Short web captions

####################

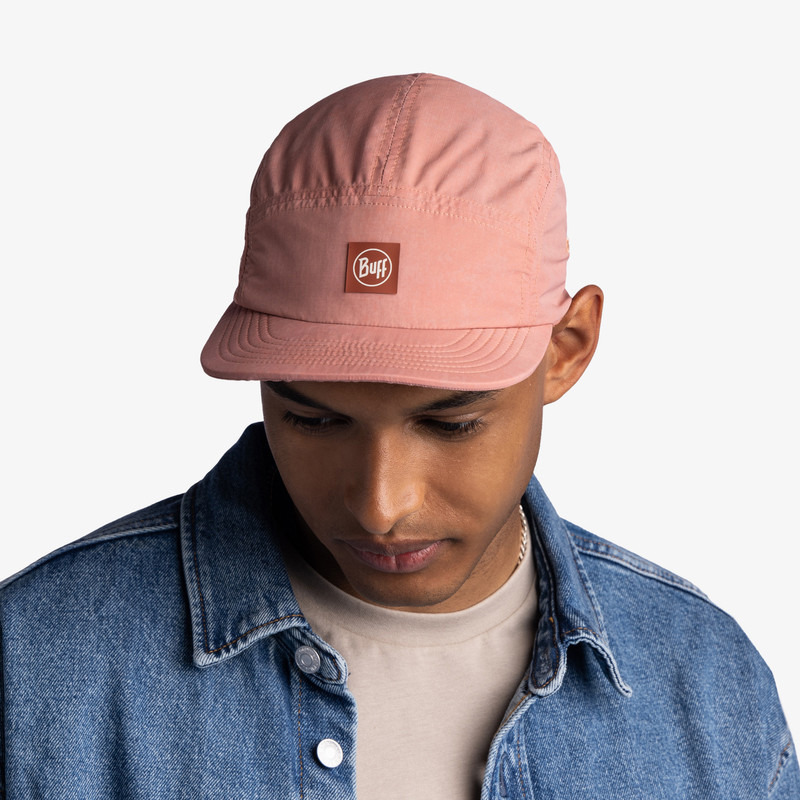 Buff 5 Panel Explore Cap - Unisex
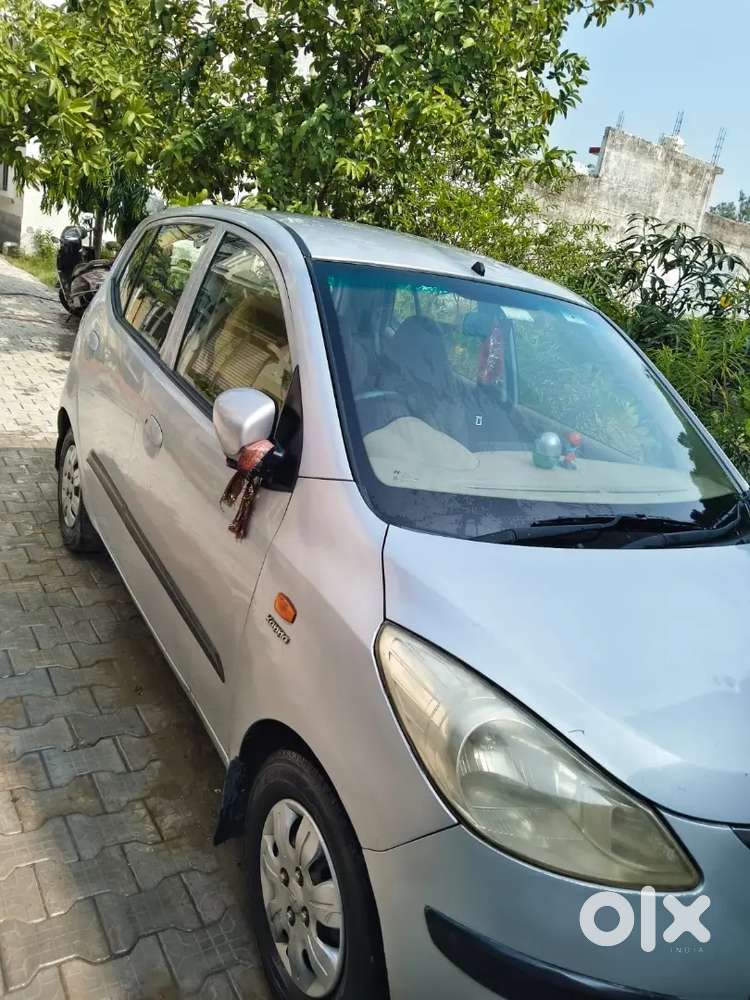 Hyundai I10 Sportz 2009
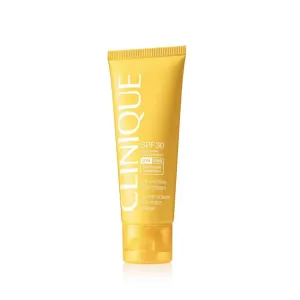 Clinique Sunscreen Oil-Free Anit-Wrinkle Face Cream SPF 30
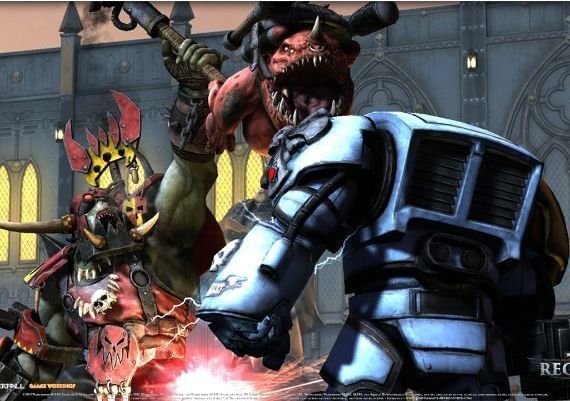 Warhammer 40,000: Regicide EU Steam Digital Key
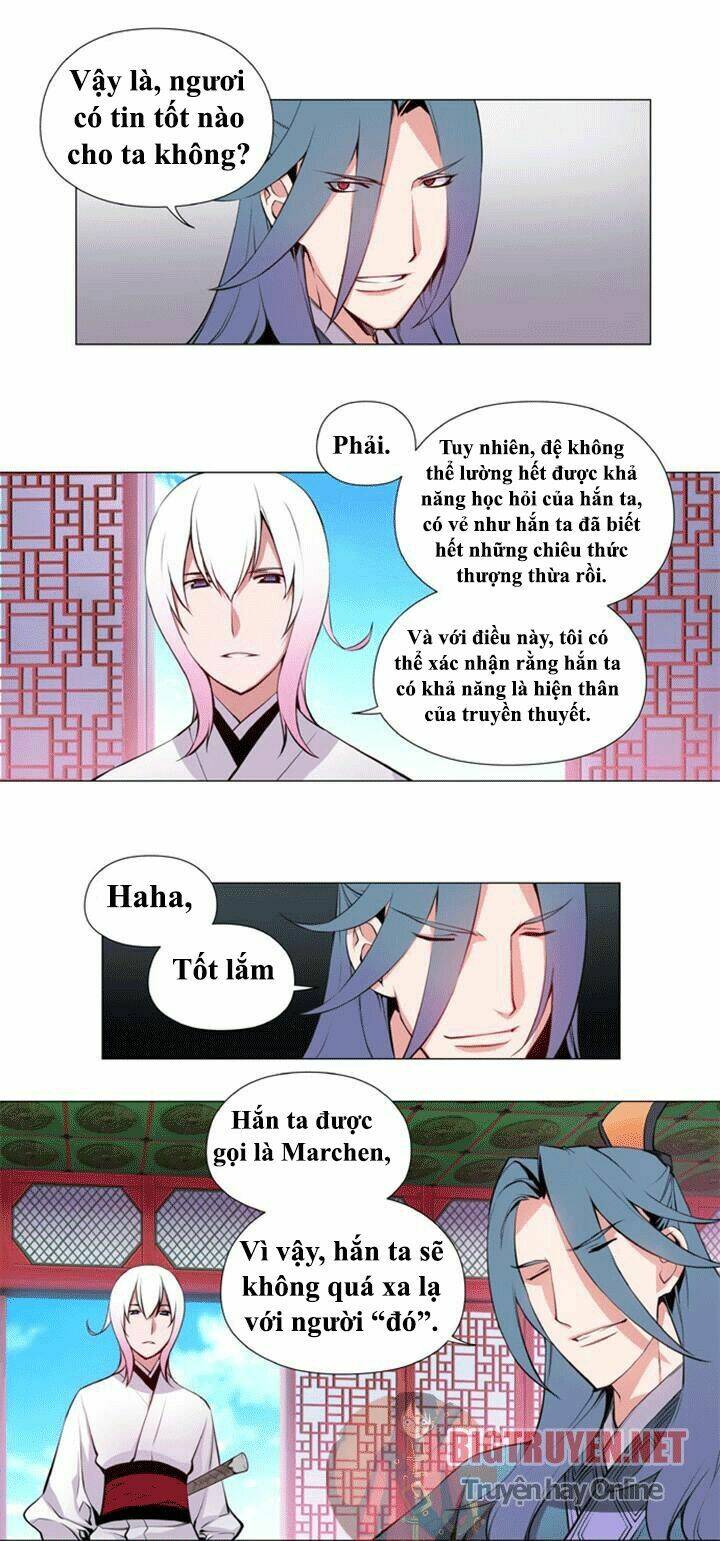 Märchen: The Embodiment Of Tales Chapter 35 - Trang 2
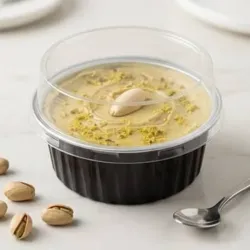 Cheesecake de Pistacho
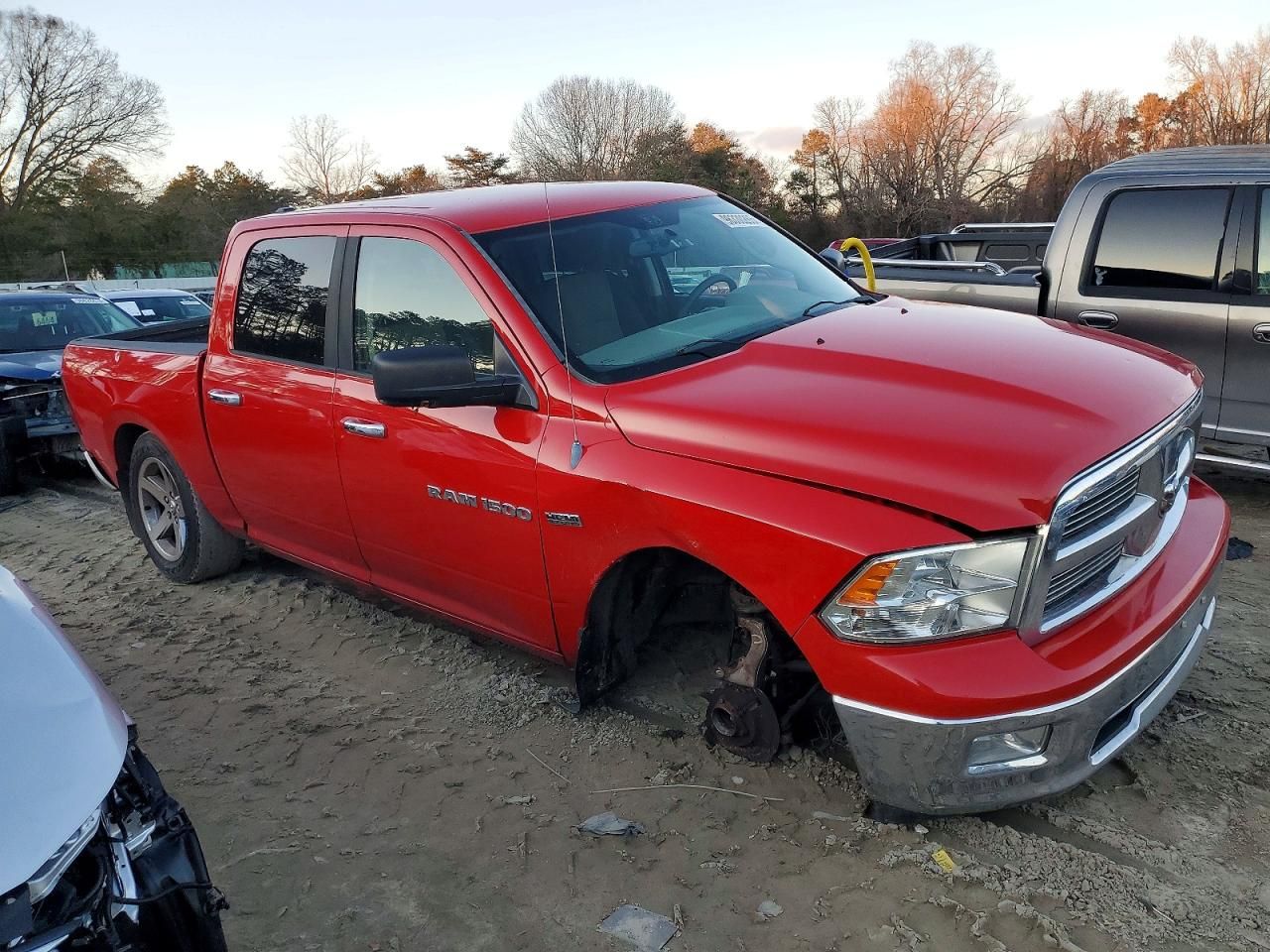 2012 Dodge Ram 1500 slt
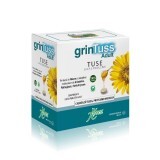 GrinTuss Adult pentru tuse seacă și productivă, 20 comprimate, Aboca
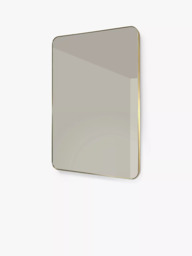 hib. Fusion Curve Bathroom Mirror - thumbnail 1
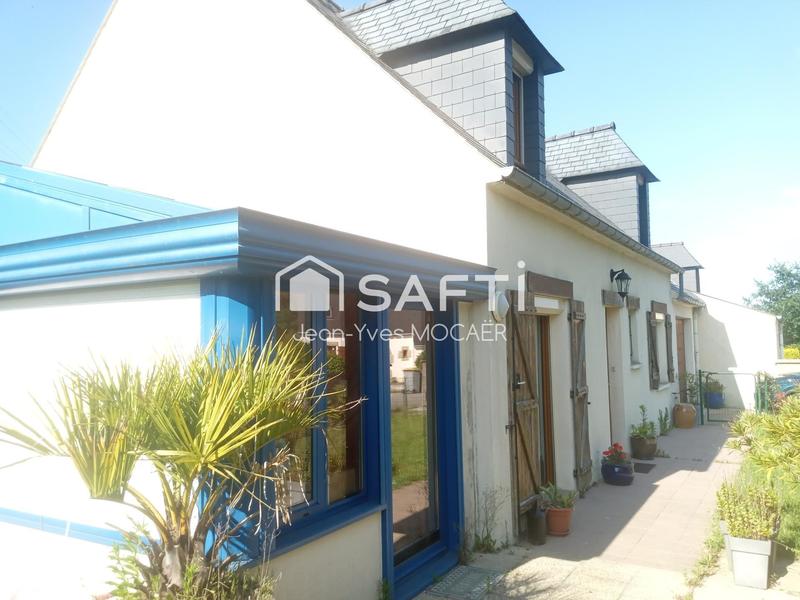 Maison - 130 m² - 6 pièces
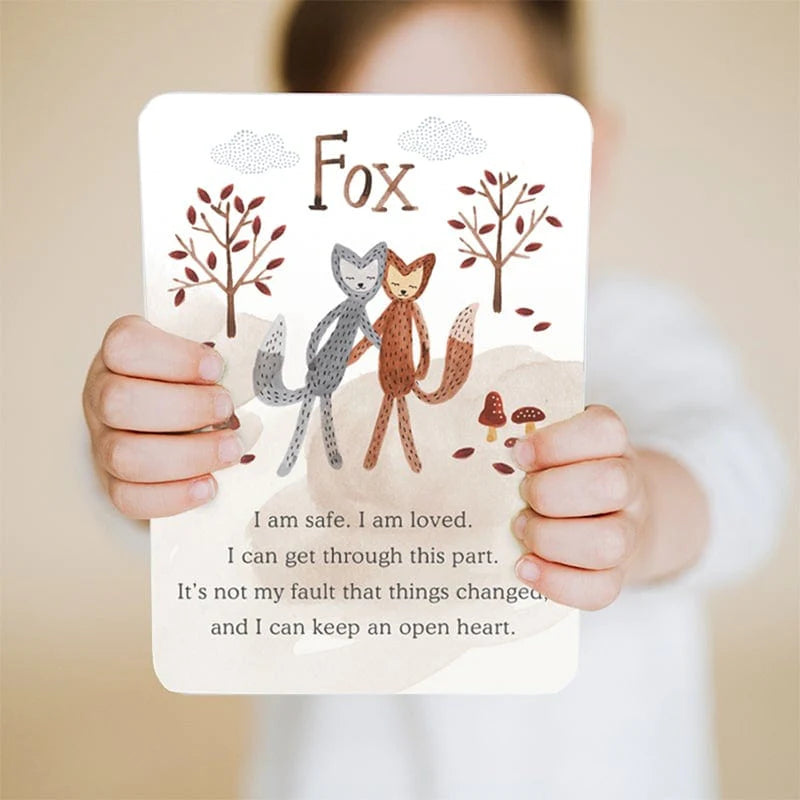 Fox Kin Gift Set | Slumberkins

####################

▶ _TASK TO CARRY OUT_
Nothing but the lines from the one containing "2012 Dodge Ram 1500 slt" through the last line of the records should appear in the copy, exactly as written and without pictures.

▶ _TASK SOLUTION_
 2012 Dodge Ram 1500 slt
 GrinTuss Adult pentru tuse seacă și productivă, 20 comprimate, Aboca
 hib. Fusion Curve Bathroom Mirror - thumbnail 1
 Maison - 130 m² - 6 pièces
 Fox Kin Gift Set | Slumberkins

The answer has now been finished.